A deep-learning model was trained with cropped single-cell in bright field images and tuned “to reach better results until the outcome reached the state-of-the-art,” says Yaling Liu. (Shen Wang/Liu Research Lab) |
Metastasis—the development of tumor growth at a secondary site—is responsible for the majority of cancer-related deaths. It occurs when the primary tumor site sheds cancerous cells that are then circulated through the body via blood vessels or lymph nodes. These become seeds for eventual tumor growth at a secondary area in the body.
Detection of these very rare cells, known as circulating tumor cells, or CTCs, is important for early prognosis of serious disease as well as to monitor the effectiveness of treatment. Currently, only one method for CTC detection is approved by the FDA, and it relies on an expensive, time-consuming process that involves labeling antibodies with fluorescence.

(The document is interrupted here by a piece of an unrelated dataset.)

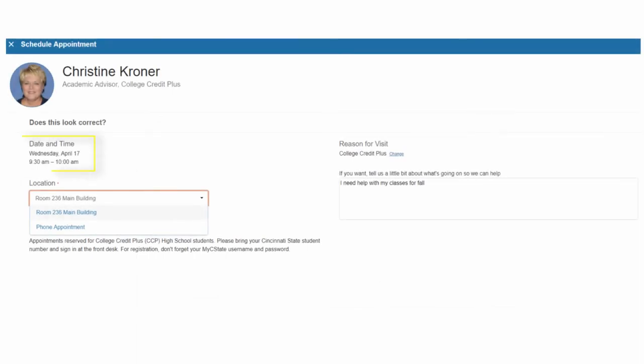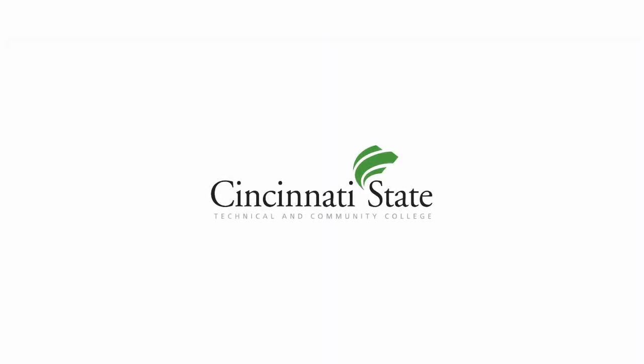The final page will list the appointment date and time. Under Location, choose an office or phone appointment. There is an opportunity to make changes and add any information you think would be helpful to know. Finally, click Confirm.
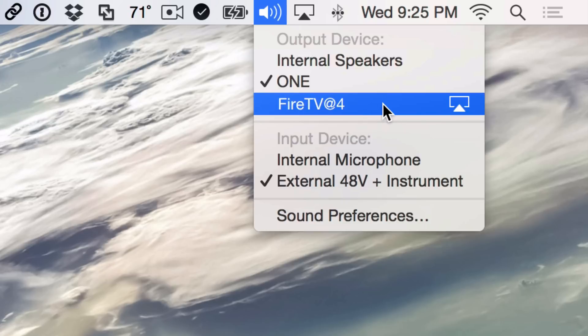So if I was playing Spotify and I wanted it to go to the speakers in my living room, I could just hold the Alt-Option key, click the volume button, and then just click on Fire TV there and it would output the sound there.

Results from a recent study show the potential for a new way to detect CTCs that uses a powerful label-free detection method. Developed by bioengineering and mechanical engineering and mechanics professor Yaling Liu, in collaboration with Xiaolei Huang, a faculty member in Penn State’s College of Information Sciences and Technology, the technique applies a machine learning algorithm to bright field microscopy images of cells detected in patient blood samples containing white blood cells (WBCs) and CTCs.
The blood samples were drawn from patients in treatment for stage 4 renal cancer under the care of Dr. Suresh G. Nair, physician in chief at Lehigh Valley Cancer Institute. The model yielded a high rate of accuracy: 88.6 percent overall accuracy on patient blood and 97 percent on cultured cells. The results have been published in Nature Scientific Reports. In addition to Liu, Huang, and Nair, authors include three Lehigh PhD students: Shen Weng, Yuyuan Zhou, and Xiachen Qin.
Nair says Liu’s innovative technique to isolate rare circulating cancer cells in a tube of blood—which can number as few as 15 cells in one billion—represents “a simpler, elegant, and cost-effective approach to monitoring patients on therapies such as immunotherapy and targeted therapy for cancer at the circulating cell level rather than scans such as CAT scans, which look for 100 million or more cells organized into a one centimeter tumor.”
“This study, though small, demonstrates that our method can achieve high accuracy without the need for advanced devices or expert users, thus providing a faster and simpler way for counting and identifying CTCs,” says Liu. “With more data becoming available, the machine learning model can be further improved and serve as an accurate and easy-to-use tool for CTC analysis.”